It is these gentle memories that both conflict with and bolster stories about the man Wheeler would become. From Oklahoma’s rural Sequoyah County, he would go on to be an Army Ranger, a veteran of the wars in Iraq and Afghanistan and a member of the Army’s elite Delta Force, a secretive counterterrorism force first established in the late 1970s.

On Oct. 22, he was killed in combat, the first U.S. service member to die in the military campaign against the Islamic State group, after getting hit with small-arms fire during a raid carried out with Kurdish forces on a militant-run prison in Hawijah, Iraq. The mission freed some 70 prisoners who U.S. officials believe would have been executed and dumped in a mass grave later that day.

Wheeler’s death prompted questions about whether U.S. officials can accurately claim that U.S. troops do not have a combat role in Iraq.

But on a searing, personal level, it also affected members of a tight-knit family that stretches from the mountainous Cherokee lands of northern Oklahoma to the quiet woodlands of North Carolina. Among those he left behind are his wife, Ashley, their infant son and three older sons from a previous marriage.

“I find myself saying, ‘What would Josh do?'” said Tatira Wade, a sister of Wheeler’s who lives in Arkansas. “I really thought my brother was invincible. He was like my Superman. Memorial Day has a whole new meaning for me now.”

Two other U.S. service members – Marine Staff Sgt. Louis F. Cardin, 27, and Navy Special Warfare Operator 1st Class Charles H. Keating IV, 31 – have been killed in Iraq since Wheeler. Eleven more U.S. troops and a civilian Defense Department employee have been killed in action in Afghanistan since the U.S. military shifted to a support mission there at the beginning of 2015, according to Pentagon statistics.

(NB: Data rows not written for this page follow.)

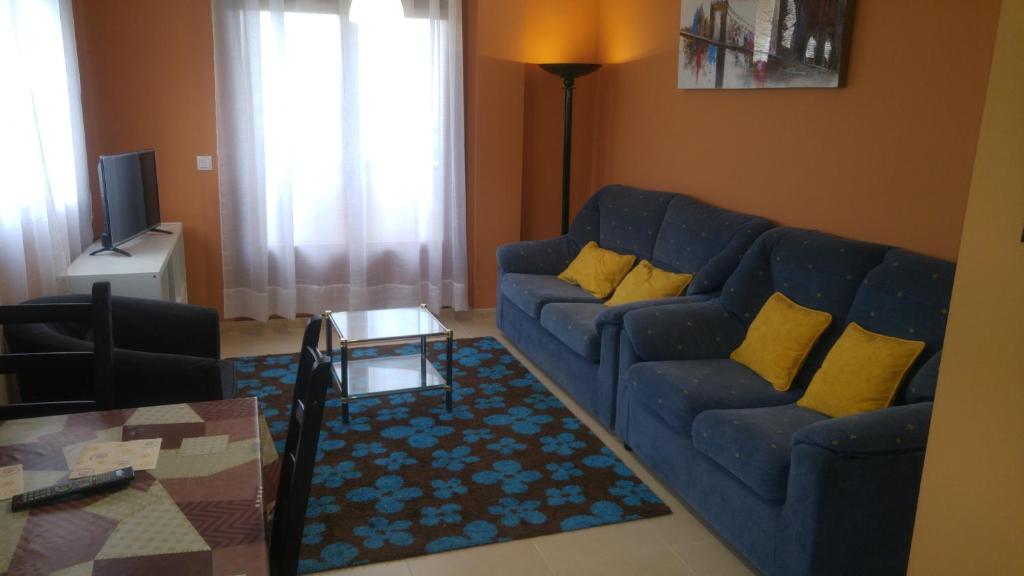 een woonkamer met een blauwe bank en gele kussens bij SMR As Pasadas in San Pedro de Benquerencia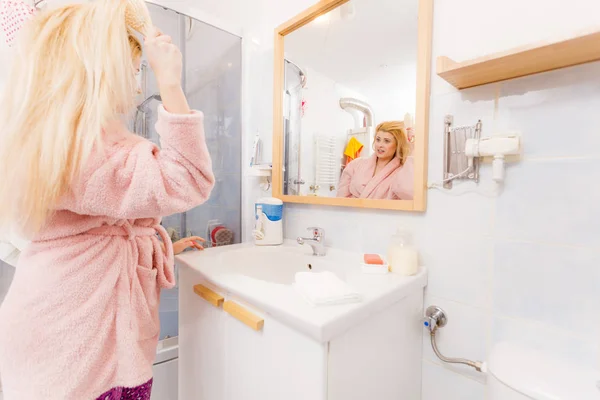 Vrouw haar haren borstelen badjas dragen — Stockfoto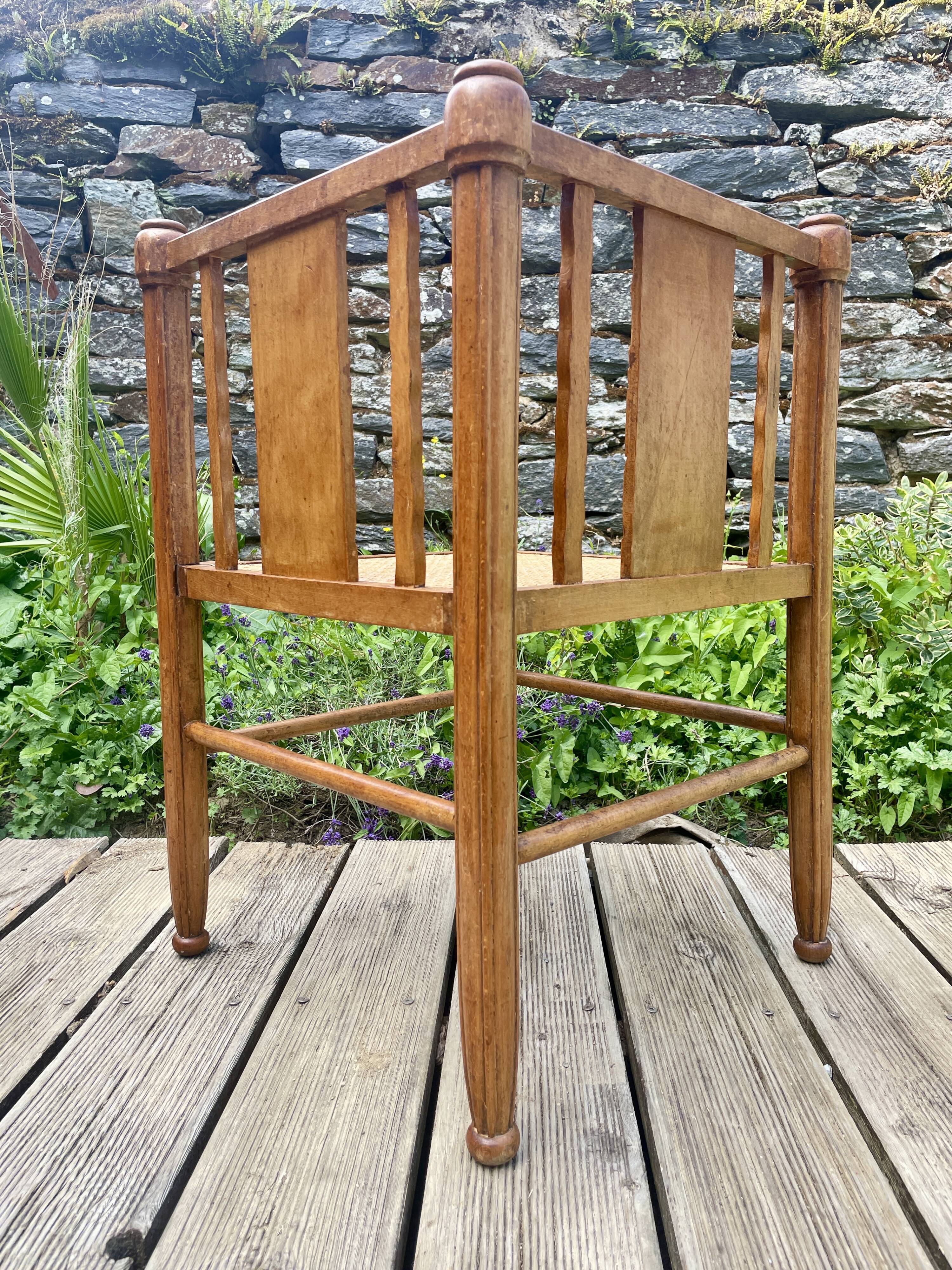 Art Deco corner chair with caning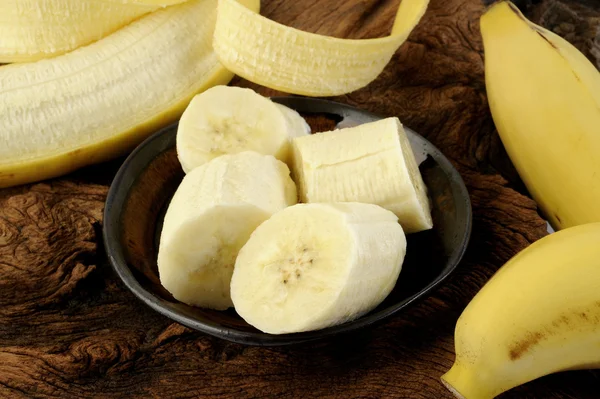 Sliced banana in bowl on wooden background — Stock Photo, Image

The marking of Wheeler’s death began in the United States with the arrival of his remains on a C-17 cargo jet at Dover Air Force Base, Del., two days after his death. Defense Secretary Ashton B. Carter and Army Chief of Staff Gen. Mark A. Milley, both on the job less than a year, stood at attention in the sunshine as his flag-draped “transfer case” was carried by grim-faced U.S. soldiers from the plane to a waiting van nearby.

A month later, Wheeler was buried at Arlington National Cemetery in a ceremony that was closed to the media – hardly a surprise, considering the nature of his unit. The Army does not disclose who is in Delta Force, known formally as 1st Special Forces Operational Detachment-Delta, but military officials confirmed after Wheeler’s death that he was part of it.

Other memorial services were held in North Carolina, where Wheeler lived, and in the Oklahoma town of Muldrow, where he attended high school and played football. And on Thursday, U.S. Army Special Operations Command added the name of Wheeler and two other soldiers who were killed in Afghanistan in the last year – 1st Sgt. Peter A. McKenna, Jr., and Sgt. 1st Class Matthew Q. McClintock – to a smooth, black memorial wall outside the unit’s headquarters at Fort Bragg, N.C., and rang a bell to recognize their loss.

Members of the Wheeler family traveled from Oklahoma to attend, and were struck by how the service seemed design not only to honor the fallen soldiers, but them as well.

“What they did was amazing. The way they’ve been with us so far has been amazing,” said Heather Quackenbush, another of Wheeler’s sisters. “To me, they have literally helped me grieve – and that’s a lot.”

Quackenbush said that when she and her siblings were young, it was Josh that no one ever wanted to disappoint. Their mother was single for much of their childhood, and they spent the majority of their time playing outside in the trees in the five acres surrounding the family home with the oldest brother watching out for them.

In more recent years, they might go six months at a time without being able to talk to him because of his deployments – but when he’d return home, he always was able to spot problems in the family and work on them, she said.

Wade said that when she was younger, she grew upset after learning that her brother had re-enlisted to stay in the Army. He told her that him being away “was part of him growing up,” she said.

“But he told me would always be there for me and he would always come visit,” she added, noting that he was planning to do so earlier this year.

Wheeler’s brothers and sisters knew nothing about his life in one of America’s most highly trained and deadly units – but they’re in awe of it now.

“When I heard my brother actually did this stuff, I was like ‘Wow,'” Wade said. “Don’t get me wrong. I knew he was doing some sort of special ops and it was dangerous. But as far as knowing exactly what he did? No. And he would never talk about it.”